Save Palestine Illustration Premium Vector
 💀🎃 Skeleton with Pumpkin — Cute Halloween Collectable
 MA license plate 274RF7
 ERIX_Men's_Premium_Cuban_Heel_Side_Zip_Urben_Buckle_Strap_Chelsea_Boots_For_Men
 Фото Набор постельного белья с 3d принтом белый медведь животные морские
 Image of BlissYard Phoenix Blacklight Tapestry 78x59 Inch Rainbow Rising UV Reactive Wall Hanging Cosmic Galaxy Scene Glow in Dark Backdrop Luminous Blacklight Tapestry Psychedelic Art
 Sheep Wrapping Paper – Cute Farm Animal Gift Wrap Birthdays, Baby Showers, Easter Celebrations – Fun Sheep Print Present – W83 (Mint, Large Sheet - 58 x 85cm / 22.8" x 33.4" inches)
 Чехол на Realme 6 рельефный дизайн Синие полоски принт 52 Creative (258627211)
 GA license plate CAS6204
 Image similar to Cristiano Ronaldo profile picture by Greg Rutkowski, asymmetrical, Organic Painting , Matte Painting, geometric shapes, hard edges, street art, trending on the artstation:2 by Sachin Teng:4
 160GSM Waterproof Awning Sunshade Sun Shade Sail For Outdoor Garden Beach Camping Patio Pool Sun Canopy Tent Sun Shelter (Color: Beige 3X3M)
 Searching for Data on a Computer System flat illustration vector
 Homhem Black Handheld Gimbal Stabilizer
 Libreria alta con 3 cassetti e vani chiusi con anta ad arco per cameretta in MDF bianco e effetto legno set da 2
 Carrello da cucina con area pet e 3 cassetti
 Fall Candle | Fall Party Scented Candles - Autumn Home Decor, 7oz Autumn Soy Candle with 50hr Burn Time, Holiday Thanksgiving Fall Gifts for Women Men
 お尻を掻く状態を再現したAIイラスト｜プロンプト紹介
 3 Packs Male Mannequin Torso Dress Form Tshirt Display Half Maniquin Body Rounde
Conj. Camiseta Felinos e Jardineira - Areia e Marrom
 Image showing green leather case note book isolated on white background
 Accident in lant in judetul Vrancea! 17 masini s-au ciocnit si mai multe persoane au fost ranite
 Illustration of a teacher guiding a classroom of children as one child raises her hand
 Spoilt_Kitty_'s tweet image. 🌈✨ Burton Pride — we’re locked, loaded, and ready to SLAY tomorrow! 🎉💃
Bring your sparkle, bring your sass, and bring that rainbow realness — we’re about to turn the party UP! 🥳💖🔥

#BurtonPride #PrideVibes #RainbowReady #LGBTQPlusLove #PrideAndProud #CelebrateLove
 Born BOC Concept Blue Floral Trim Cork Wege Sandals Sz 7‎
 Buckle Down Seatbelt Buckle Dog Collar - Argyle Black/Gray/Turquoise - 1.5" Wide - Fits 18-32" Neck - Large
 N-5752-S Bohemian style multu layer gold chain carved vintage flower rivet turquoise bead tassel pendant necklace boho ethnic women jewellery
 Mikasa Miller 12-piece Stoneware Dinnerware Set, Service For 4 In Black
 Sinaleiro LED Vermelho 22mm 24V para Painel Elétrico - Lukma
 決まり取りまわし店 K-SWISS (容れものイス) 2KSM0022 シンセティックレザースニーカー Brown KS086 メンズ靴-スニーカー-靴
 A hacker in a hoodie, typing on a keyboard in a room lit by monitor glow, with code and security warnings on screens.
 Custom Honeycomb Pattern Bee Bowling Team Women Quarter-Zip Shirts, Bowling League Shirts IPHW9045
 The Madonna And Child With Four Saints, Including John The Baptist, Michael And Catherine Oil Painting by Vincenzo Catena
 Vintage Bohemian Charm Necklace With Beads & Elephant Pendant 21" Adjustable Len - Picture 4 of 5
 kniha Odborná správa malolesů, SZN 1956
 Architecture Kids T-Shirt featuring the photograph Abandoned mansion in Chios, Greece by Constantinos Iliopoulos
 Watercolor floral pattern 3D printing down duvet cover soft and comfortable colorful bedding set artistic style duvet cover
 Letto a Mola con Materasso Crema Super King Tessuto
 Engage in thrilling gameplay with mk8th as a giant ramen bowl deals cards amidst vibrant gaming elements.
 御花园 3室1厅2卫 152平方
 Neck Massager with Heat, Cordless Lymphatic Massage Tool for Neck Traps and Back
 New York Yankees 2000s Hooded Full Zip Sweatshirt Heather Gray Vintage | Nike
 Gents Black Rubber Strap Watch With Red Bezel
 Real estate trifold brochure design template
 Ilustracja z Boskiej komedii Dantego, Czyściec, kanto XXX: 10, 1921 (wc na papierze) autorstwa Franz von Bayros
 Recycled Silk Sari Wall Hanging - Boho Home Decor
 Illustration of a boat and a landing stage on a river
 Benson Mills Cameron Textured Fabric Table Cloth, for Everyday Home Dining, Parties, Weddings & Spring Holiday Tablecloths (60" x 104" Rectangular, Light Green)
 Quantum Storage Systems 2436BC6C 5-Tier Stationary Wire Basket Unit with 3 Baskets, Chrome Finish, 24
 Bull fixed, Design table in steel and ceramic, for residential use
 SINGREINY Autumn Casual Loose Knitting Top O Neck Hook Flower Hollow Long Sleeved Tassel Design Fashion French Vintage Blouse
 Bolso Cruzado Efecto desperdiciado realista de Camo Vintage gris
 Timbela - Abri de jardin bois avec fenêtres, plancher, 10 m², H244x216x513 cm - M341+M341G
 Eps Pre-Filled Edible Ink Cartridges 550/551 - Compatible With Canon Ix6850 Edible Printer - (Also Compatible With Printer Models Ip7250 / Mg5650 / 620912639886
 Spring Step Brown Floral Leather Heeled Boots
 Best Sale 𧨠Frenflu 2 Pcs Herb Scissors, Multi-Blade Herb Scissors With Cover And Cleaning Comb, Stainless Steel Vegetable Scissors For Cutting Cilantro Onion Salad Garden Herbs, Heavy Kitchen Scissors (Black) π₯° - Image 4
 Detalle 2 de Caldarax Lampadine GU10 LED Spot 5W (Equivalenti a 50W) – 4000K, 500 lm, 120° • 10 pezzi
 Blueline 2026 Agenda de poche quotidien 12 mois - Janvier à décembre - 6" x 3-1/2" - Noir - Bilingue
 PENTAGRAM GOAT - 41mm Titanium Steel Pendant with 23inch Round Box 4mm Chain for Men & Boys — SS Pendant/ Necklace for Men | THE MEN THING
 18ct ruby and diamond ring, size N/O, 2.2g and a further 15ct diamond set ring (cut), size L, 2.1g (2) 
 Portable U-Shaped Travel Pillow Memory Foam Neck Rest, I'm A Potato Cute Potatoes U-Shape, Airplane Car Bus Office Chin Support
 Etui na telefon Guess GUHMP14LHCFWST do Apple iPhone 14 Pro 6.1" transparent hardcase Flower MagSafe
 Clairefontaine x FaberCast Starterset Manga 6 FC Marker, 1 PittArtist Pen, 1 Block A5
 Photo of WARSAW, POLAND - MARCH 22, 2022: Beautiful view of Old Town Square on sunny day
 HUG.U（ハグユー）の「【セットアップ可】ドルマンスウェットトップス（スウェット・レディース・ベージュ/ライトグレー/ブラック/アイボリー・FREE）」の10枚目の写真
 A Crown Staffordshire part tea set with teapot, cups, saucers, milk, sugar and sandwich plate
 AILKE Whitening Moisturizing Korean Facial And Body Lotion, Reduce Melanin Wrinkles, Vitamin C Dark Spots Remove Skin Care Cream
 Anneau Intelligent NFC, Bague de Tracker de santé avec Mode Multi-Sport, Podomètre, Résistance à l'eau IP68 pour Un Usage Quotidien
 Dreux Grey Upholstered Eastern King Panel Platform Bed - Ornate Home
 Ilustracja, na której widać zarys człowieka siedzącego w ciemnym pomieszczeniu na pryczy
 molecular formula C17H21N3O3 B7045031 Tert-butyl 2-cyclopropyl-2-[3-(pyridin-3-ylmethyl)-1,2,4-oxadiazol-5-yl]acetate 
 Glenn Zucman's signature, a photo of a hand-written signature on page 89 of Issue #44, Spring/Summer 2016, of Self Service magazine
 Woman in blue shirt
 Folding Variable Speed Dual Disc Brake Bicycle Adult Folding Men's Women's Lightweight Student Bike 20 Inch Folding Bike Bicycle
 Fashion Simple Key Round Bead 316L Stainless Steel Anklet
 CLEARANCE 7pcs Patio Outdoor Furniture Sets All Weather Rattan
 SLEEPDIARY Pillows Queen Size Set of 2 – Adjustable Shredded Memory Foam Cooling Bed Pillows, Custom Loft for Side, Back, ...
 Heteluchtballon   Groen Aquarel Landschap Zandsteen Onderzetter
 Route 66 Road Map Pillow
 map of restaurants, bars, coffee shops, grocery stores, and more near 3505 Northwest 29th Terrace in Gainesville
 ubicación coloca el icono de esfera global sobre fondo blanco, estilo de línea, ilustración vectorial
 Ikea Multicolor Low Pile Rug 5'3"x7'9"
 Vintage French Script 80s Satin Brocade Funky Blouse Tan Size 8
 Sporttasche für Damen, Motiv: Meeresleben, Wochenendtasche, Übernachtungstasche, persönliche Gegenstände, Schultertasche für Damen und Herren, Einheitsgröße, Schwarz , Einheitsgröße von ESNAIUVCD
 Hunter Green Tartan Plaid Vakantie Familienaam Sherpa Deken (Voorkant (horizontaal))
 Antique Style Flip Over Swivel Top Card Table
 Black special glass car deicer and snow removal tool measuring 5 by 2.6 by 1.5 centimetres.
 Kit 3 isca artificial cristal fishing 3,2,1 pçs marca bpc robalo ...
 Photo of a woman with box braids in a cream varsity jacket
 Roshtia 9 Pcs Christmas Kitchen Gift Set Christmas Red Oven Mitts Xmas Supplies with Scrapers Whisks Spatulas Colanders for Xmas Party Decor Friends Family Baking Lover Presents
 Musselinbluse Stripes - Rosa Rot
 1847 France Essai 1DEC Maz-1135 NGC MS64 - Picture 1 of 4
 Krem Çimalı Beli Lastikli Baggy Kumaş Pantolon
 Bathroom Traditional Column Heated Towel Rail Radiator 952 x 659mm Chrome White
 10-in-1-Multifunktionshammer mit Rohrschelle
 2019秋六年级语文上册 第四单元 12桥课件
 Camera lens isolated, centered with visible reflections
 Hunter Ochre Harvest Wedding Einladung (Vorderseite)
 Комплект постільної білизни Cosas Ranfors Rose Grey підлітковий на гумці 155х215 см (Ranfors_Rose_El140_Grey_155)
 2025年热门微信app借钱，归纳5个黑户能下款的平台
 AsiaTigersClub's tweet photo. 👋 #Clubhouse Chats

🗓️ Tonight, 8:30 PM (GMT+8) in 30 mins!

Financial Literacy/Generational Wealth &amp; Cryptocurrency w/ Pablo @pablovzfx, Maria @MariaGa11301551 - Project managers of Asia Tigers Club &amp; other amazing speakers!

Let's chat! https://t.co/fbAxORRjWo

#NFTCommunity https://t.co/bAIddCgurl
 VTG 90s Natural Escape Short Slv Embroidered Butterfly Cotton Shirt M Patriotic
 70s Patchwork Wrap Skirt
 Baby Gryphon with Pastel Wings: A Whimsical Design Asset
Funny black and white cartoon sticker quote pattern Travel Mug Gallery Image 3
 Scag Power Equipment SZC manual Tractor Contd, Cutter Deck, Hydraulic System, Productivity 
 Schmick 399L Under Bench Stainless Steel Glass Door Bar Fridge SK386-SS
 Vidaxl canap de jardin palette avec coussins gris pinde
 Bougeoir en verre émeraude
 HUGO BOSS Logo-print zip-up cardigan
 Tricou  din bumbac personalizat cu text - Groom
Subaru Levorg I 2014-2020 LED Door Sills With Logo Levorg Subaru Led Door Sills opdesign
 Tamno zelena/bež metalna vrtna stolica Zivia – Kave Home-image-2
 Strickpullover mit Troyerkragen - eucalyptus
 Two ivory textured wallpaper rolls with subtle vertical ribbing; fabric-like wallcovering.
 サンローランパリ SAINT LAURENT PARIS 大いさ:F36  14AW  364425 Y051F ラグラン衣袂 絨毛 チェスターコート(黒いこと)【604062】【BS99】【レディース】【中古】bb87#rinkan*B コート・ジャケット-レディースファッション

########################################

*What the task asks*. Repeat exactly the lines of the listing above, from the one with "Portable U-Shaped Travel" down to the one with "AILKE Whitening Moisturizing"; both of those lines belong in the range.

*Result of the exercise*.
 Portable U-Shaped Travel Pillow Memory Foam Neck Rest, I'm A Potato Cute Potatoes U-Shape, Airplane Car Bus Office Chin Support
 Etui na telefon Guess GUHMP14LHCFWST do Apple iPhone 14 Pro 6.1" transparent hardcase Flower MagSafe
 Clairefontaine x FaberCast Starterset Manga 6 FC Marker, 1 PittArtist Pen, 1 Block A5
 Photo of WARSAW, POLAND - MARCH 22, 2022: Beautiful view of Old Town Square on sunny day
 HUG.U（ハグユー）の「【セットアップ可】ドルマンスウェットトップス（スウェット・レディース・ベージュ/ライトグレー/ブラック/アイボリー・FREE）」の10枚目の写真
 A Crown Staffordshire part tea set with teapot, cups, saucers, milk, sugar and sandwich plate
 AILKE Whitening Moisturizing Korean Facial And Body Lotion, Reduce Melanin Wrinkles, Vitamin C Dark Spots Remove Skin Care Cream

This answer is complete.